§ **Data records**:
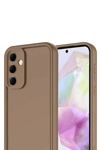 Samsung Galaxy A17 5G Viera Silikon - Kahverengi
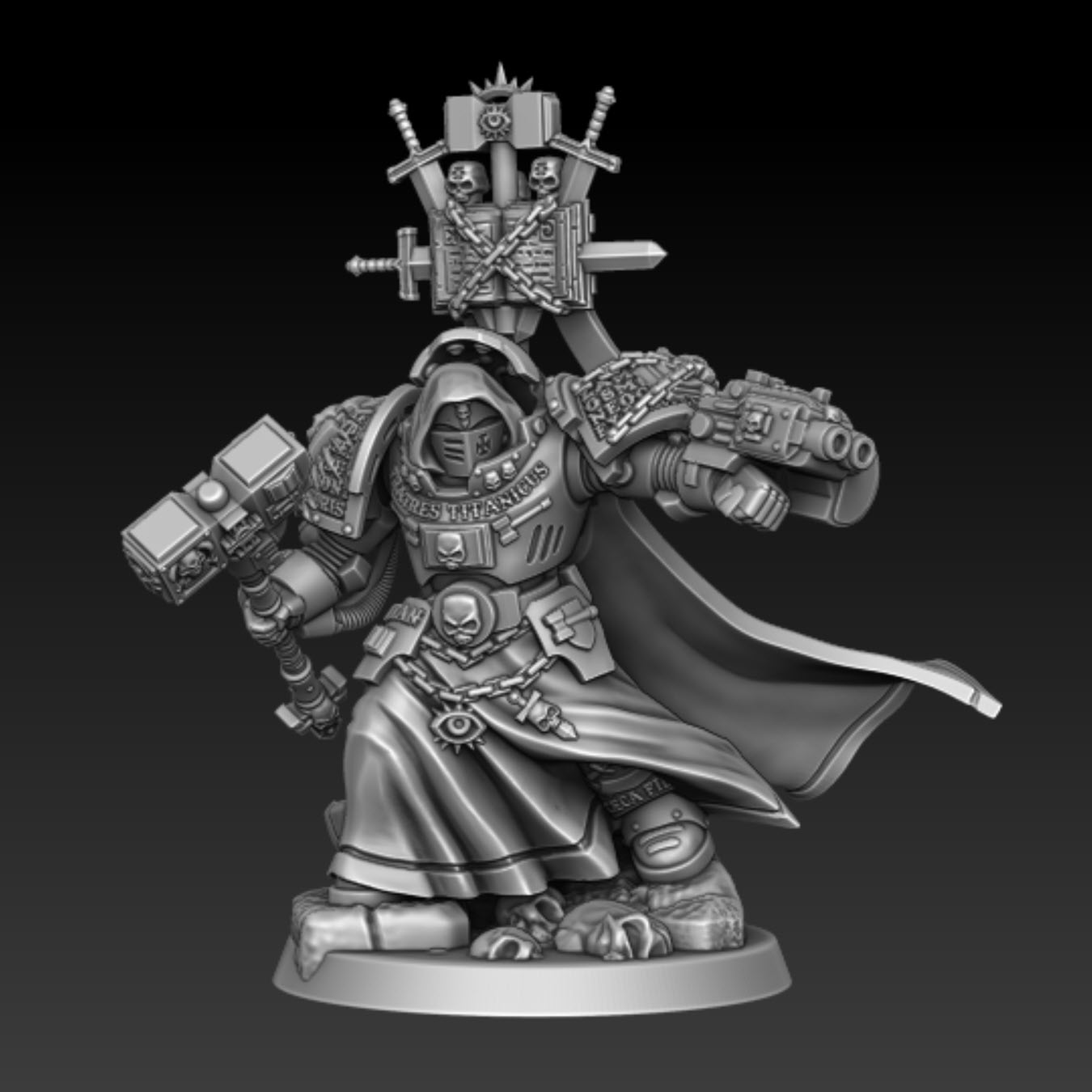 Silver Wardens Apex Terminator Squad Leader | DMG Minis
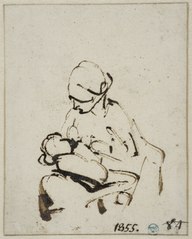 Woman Nursing a Child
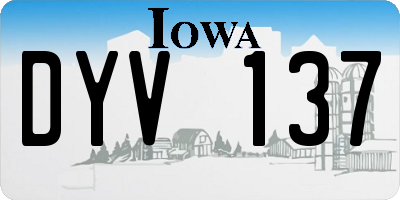 IA license plate DYV137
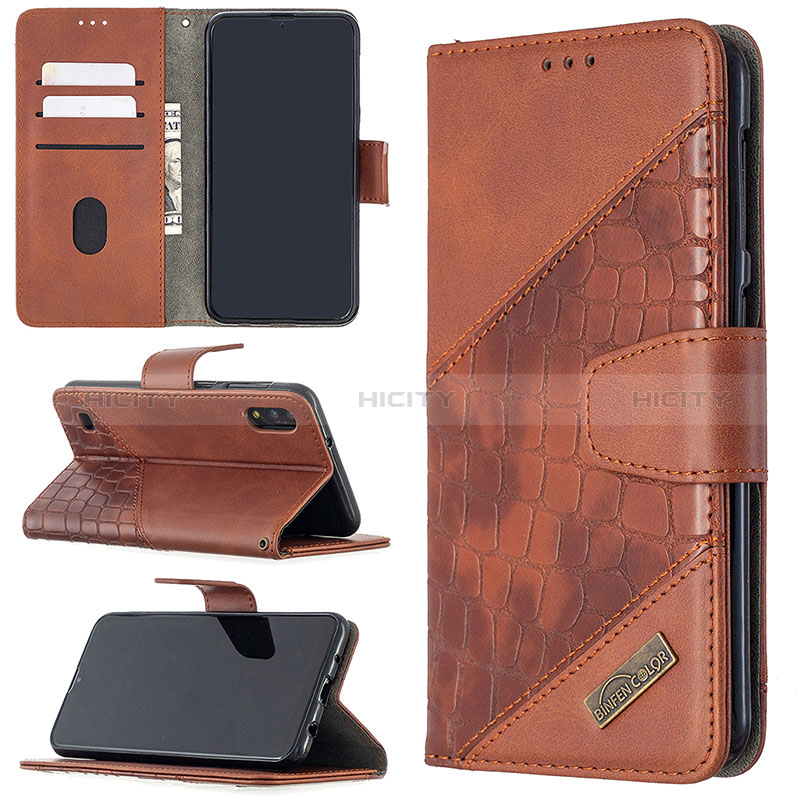 Handytasche Stand Schutzhülle Flip Leder Hülle B03F für Samsung Galaxy M10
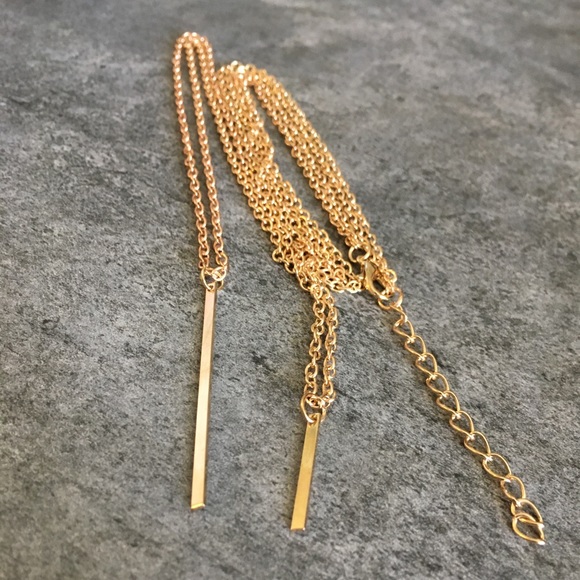 MORE COMING Gold Plated Double Layer Necklace - Picture 3 of 8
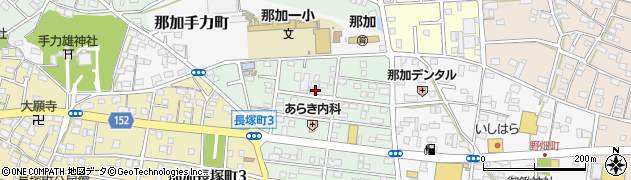 岐阜県各務原市那加石山町1丁目周辺の地図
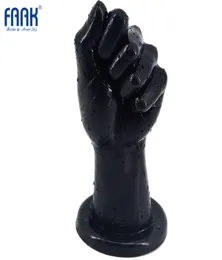 Max dia 82mm sexy products fisting dildo anal plug suction big hand Anal stuff large penis fist masturbate toys for women men7227278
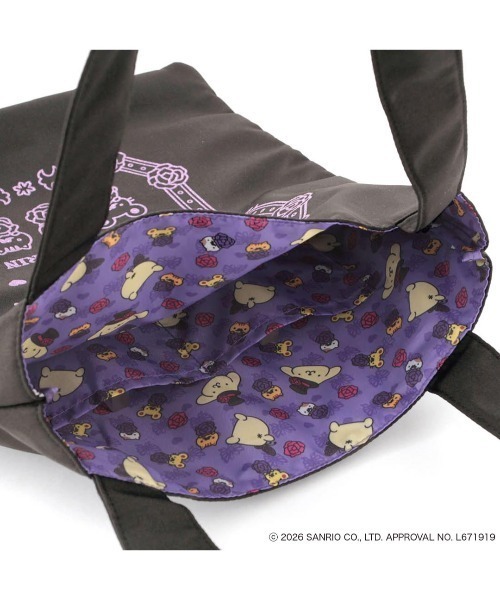 ANNA SUI(アナスイ)の「アナスイ×ポムポムプリン トートバッグ(トートバッグ・レディース・パープル/ゴールド・FREE)」の5枚目の写真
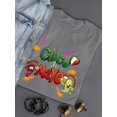 thumbnail image 3 of Cinco De Mayo Cartoon Mascots Shaped T-Shirt Women -Image by Shutterstock, Female Medium, 3 of 4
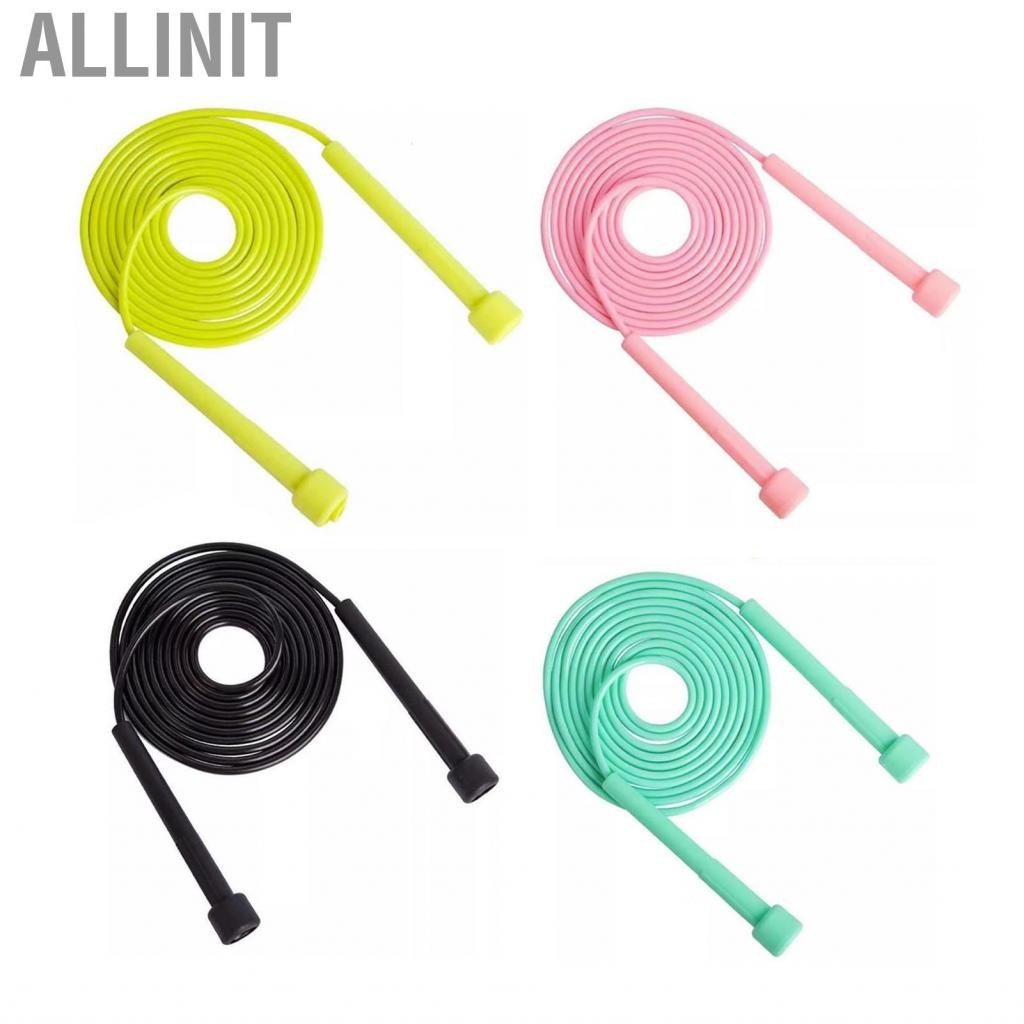 Allinit Skipping Rope  Effective Wearproof PVC Jump Rapid Speed for Workout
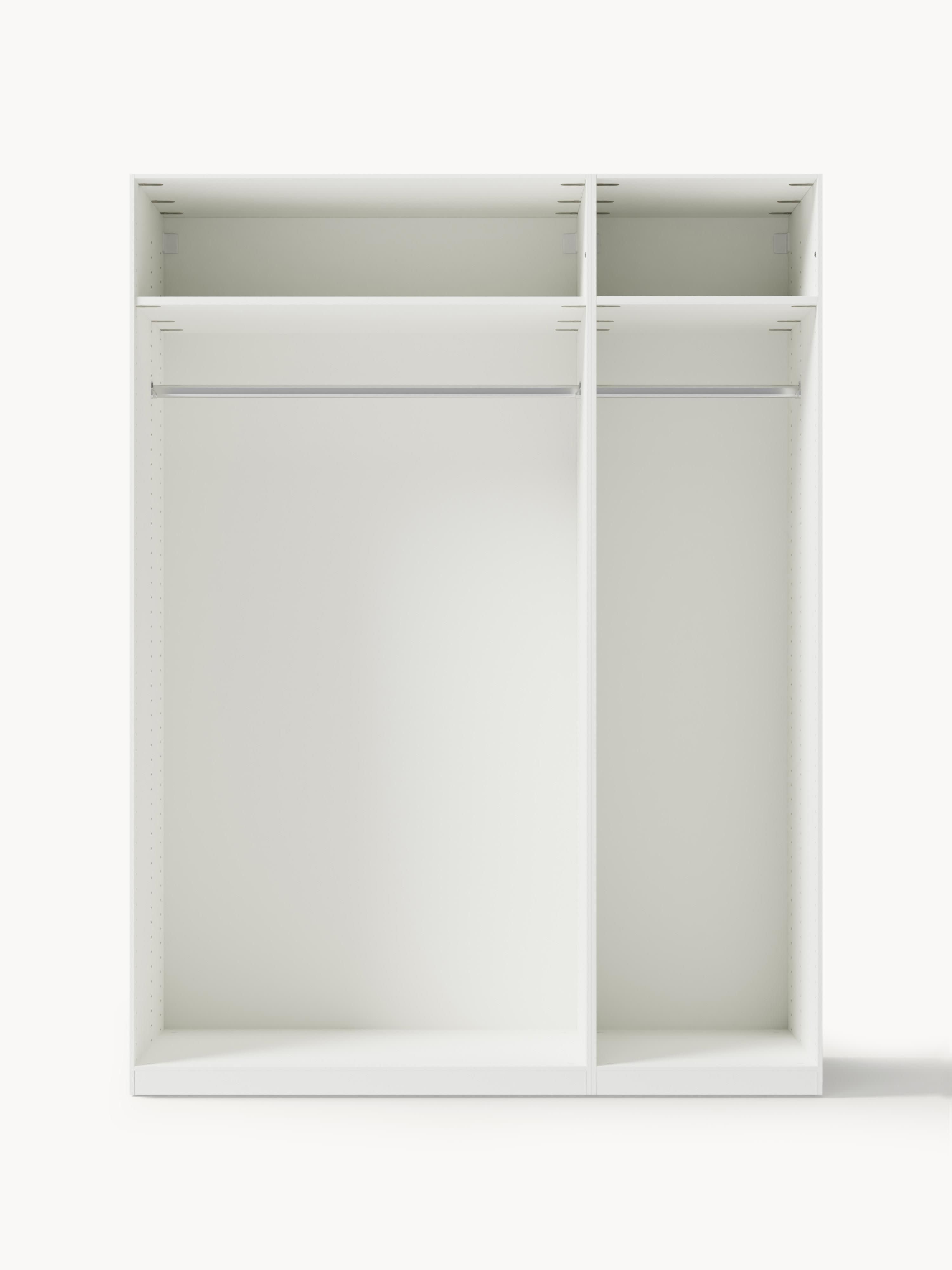 Modular Hinged Door Wardrobe Jeanne, 150 cm Wide, in various sizes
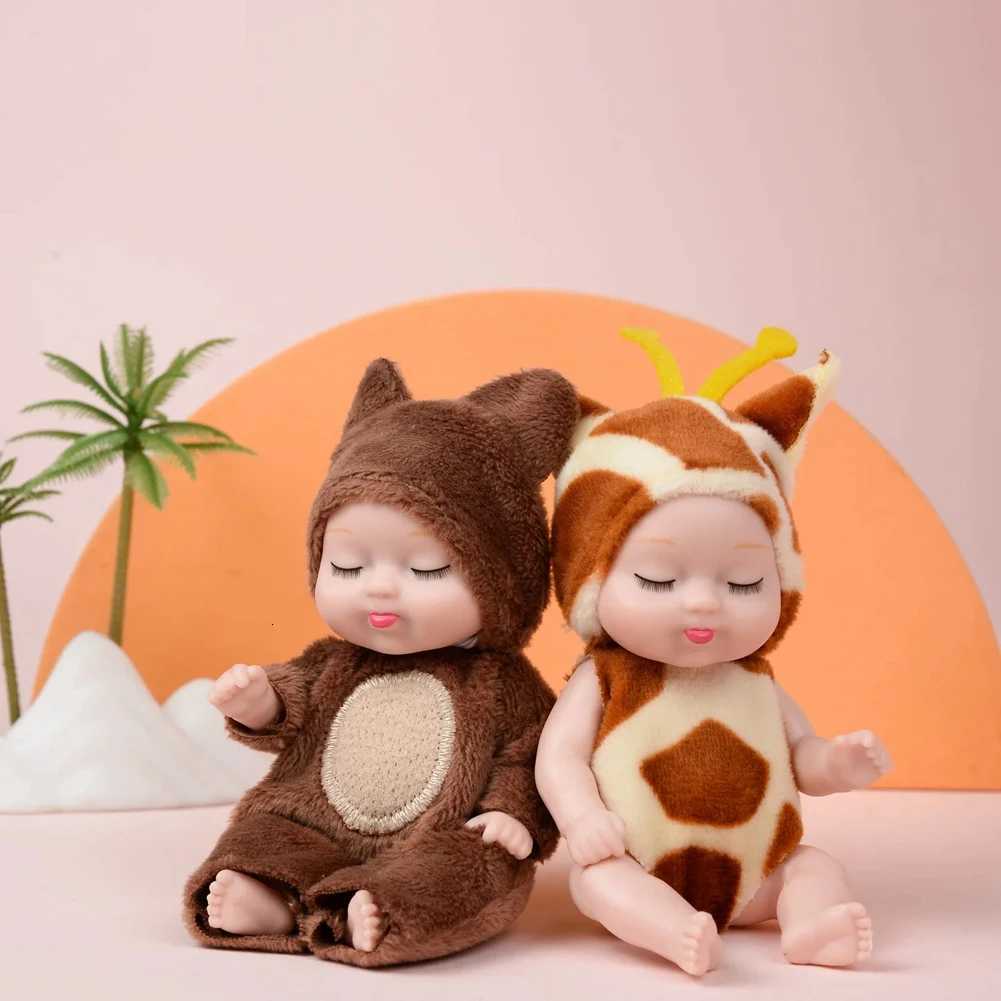 6Pcs Reborn Doll Kit Toy Simulation Princess Dolls Toy Mini Cute Sleeping Baby with Clothes Accessories Birthday Gift for Kids Z250818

§ **Exercise objective**:
Reproduce exactly the line containing "Modular Hinged Door" and every line after it in the material above, up to and including the last. Exclude all pictures.

§ **Response box**:
 Modular Hinged Door Wardrobe Jeanne, 150 cm Wide, in various sizes
 6Pcs Reborn Doll Kit Toy Simulation Princess Dolls Toy Mini Cute Sleeping Baby with Clothes Accessories Birthday Gift for Kids Z250818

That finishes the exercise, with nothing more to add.